When the architecture is forced to collapse this richer decision space into a single bit, two failure modes are observed in production fleets. The conservative collapse suppresses too aggressively: legitimate actuations get refused at decision boundaries because the architecture cannot express partial commitment, and the operating unit becomes brittle in exactly the long-tail conditions for which it most needs flexibility. The permissive collapse approves too readily: unsafe actuations are committed because the only alternative was a refusal that would itself be unsafe (a hard brake on an icy on-ramp, a refusal to merge into traffic when stopping is worse). Both collapses appear in current L4 fleet telemetry, in surgical robot incident reports, and in industrial mobile-manipulator near-miss logs.

The architectural premise of confidence-governed actuation is that the binary is the wrong shape. The output of a safety architecture for an autonomous physical system must be a graduated mode drawn from a structured set, selected deterministically from a composite admissibility computation, recorded in tamper-evident lineage, and broadcast to every governance-credentialed observer in the operating environment. Once the output shape is correct, the rest of the architecture—preemption, reversibility, harm minimization, post-actuation verification—becomes expressible as deterministic functions over the same admissibility computation rather than as ad-hoc layers bolted onto a binary core.

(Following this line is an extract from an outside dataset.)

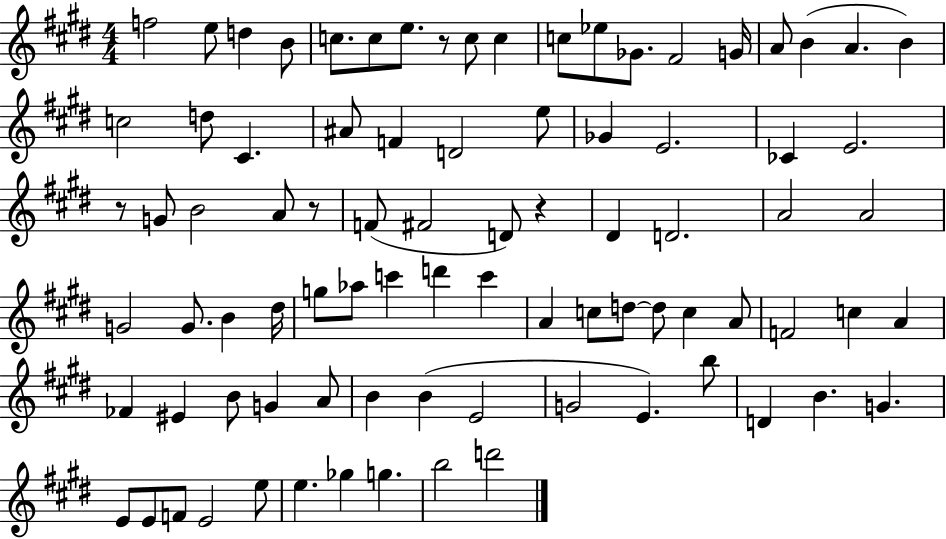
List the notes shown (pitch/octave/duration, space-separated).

F5/h E5/e D5/q B4/e C5/e. C5/e E5/e. R/e C5/e C5/q C5/e Eb5/e Gb4/e. F#4/h G4/s A4/e B4/q A4/q. B4/q C5/h D5/e C#4/q. A#4/e F4/q D4/h E5/e Gb4/q E4/h. CES4/q E4/h. R/e G4/e B4/h A4/e R/e F4/e F#4/h D4/e R/q D#4/q D4/h. A4/h A4/h G4/h G4/e. B4/q D#5/s G5/e Ab5/e C6/q D6/q C6/q A4/q C5/e D5/e D5/e C5/q A4/e F4/h C5/q A4/q FES4/q EIS4/q B4/e G4/q A4/e B4/q B4/q E4/h G4/h E4/q. B5/e D4/q B4/q. G4/q. E4/e E4/e F4/e E4/h E5/e E5/q. Gb5/q G5/q. B5/h D6/h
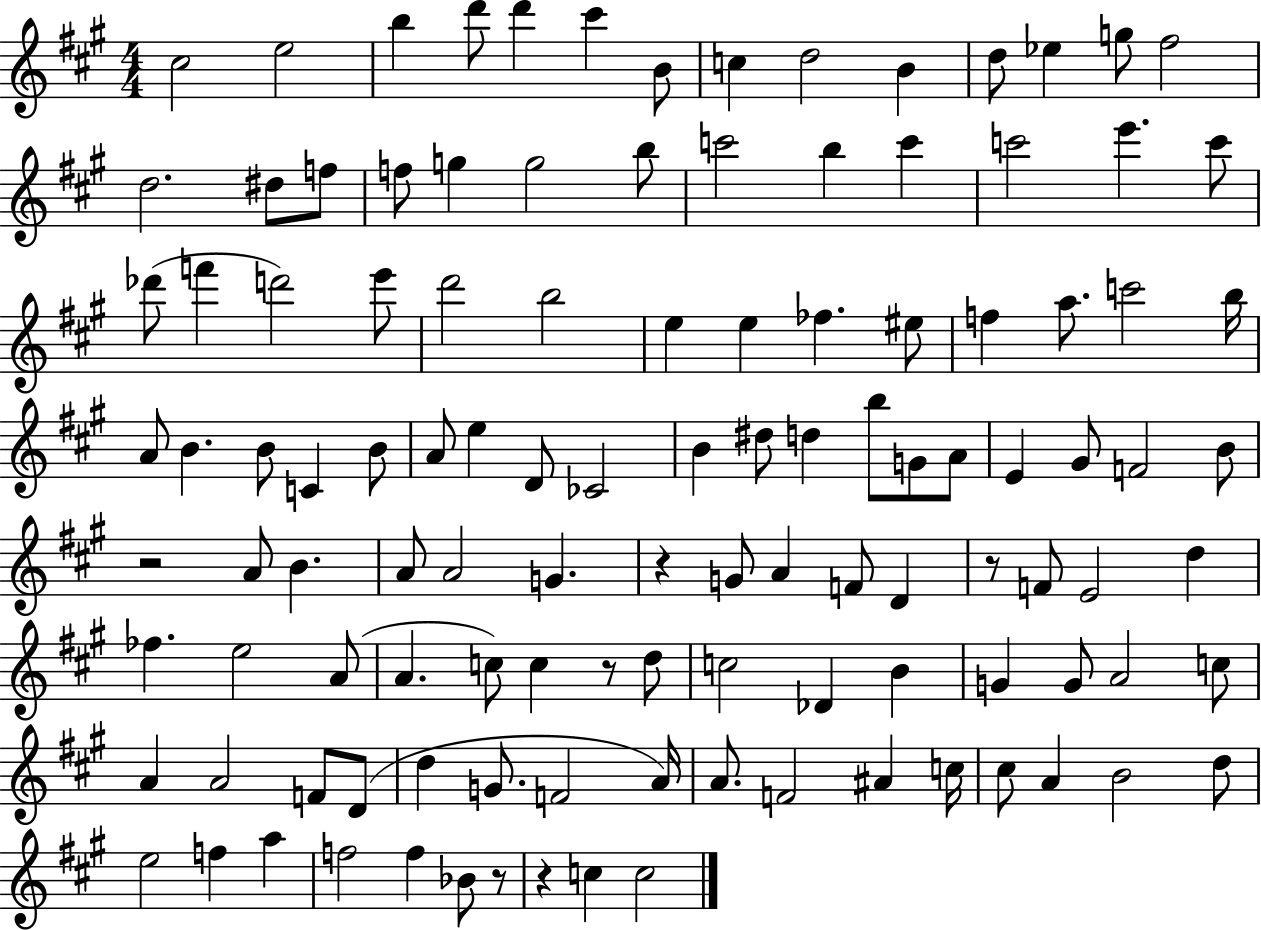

2. The Core Architectural Primitive: A Graduated Mode Set Under Composite Admissibility

Confidence-governed actuation produces, for every actuation request, a selection from a graduated mode set. The disclosed embodiment defines eleven canonical modes—simulated, advisory, consultative, shadowed, partial, constrained, stage-gated, deferred, full, emergency-accelerated, and emergency-overridden—but the primitive is defined by the structure of the set rather than by the specific count. The defining structural properties are that (a) the set is totally ordered with respect to authority committed to the physical actuator, (b) each mode is a structurally distinct outcome with its own lineage record and its own broadcast class, and (c) selection is a deterministic function of the admissibility computation against a signed governance policy.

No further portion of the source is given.